A própria galeria abriga um dos acervos mais interessantes de arte do mundo e traz muitas pinturas que utilizam a técnica chiaroscuro, com destaque para as pinturas do italiano Caravaggio — eis a minha relação em hiperlinks mentais. A palavra italiana que significa, literalmente, claro-escuro foi uma das novidades da pintura renascentista no Século 15 e se define pelo contraste entre luz e sombra na criação de uma obra. As sombras servem para definir o volume, para moldar o objeto retratado. Interessante é perceber que a luz também é fundamental no processo: o volume tridimensional é sugerido pela gradação de valores da cor e da modelagem da luz na pintura ou no desenho.

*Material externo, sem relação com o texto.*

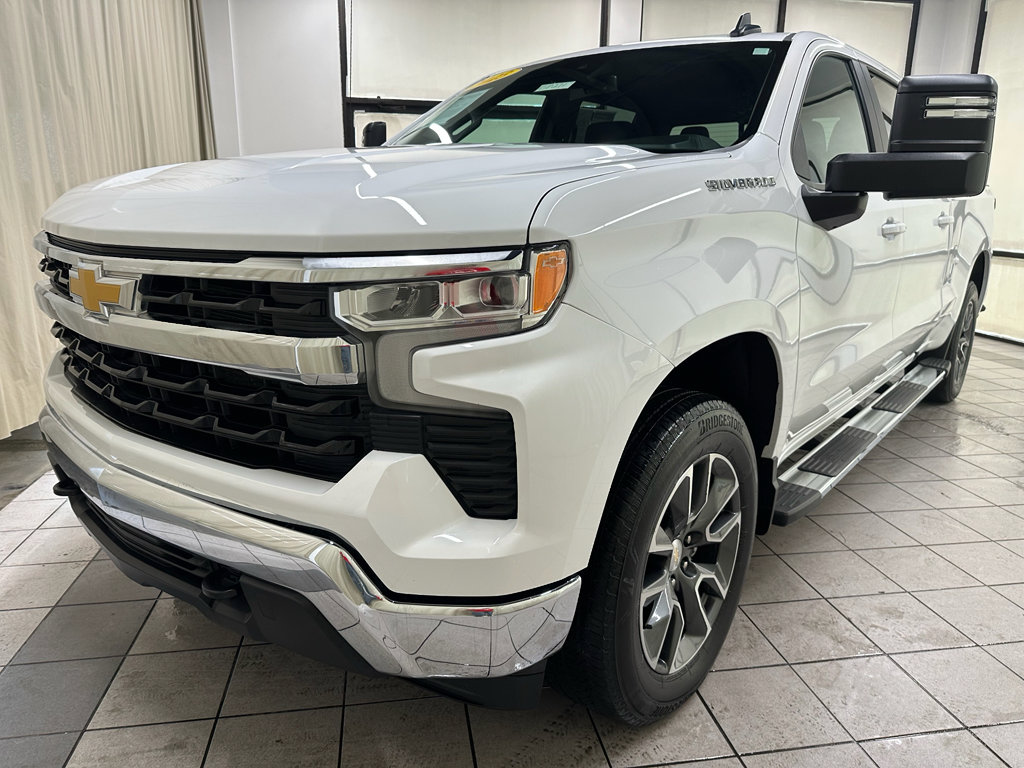 Certified 2023 Chevrolet Silverado 1500 LT w/ All Star Edition Plus AWD/4WD image 13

A psicanálise também sugere que todos temos um lado sombra, aquilo que foi reprimido e fica escondido no inconsciente. Podemos até exibir nosso lado mais solar, mas somos mais do que aquilo que mostramos. Redes sociais não conseguirão redimir essa premissa ancestral.

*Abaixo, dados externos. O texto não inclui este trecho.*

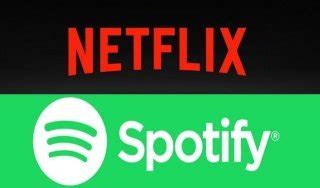 Combo Cuenta Netflix 6 Meses Cuenta Spotify 6 Meses Pedi Tu Cuenta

Precisamos aprender sobre equilíbrio. Sabe aquela história de fazer meditação, gostar do silêncio, mas dançar até o chão? De comer salada, mas não recusar uma fritura? De ser supergentil sempre mas saber ser firme em determinadas situações? Para mim, essa é a versão premium: termos consciência e liberdade para entender que podemos irradiar o mundo com nossa luz, mas precisamos trabalhar nossas sombras para que elas nos deixem caminhar.
A luz traz as pessoas para perto. A sombra ajuda a perceber que os outros também têm a mesma dualidade dentro de si e talvez só estejam nos mostrando uma de suas variações. Ficar, portanto, tem que ser uma escolha. Só quem realmente nos quer por perto aprende a lidar com nossas diferentes tonalidades, claras ou escuras.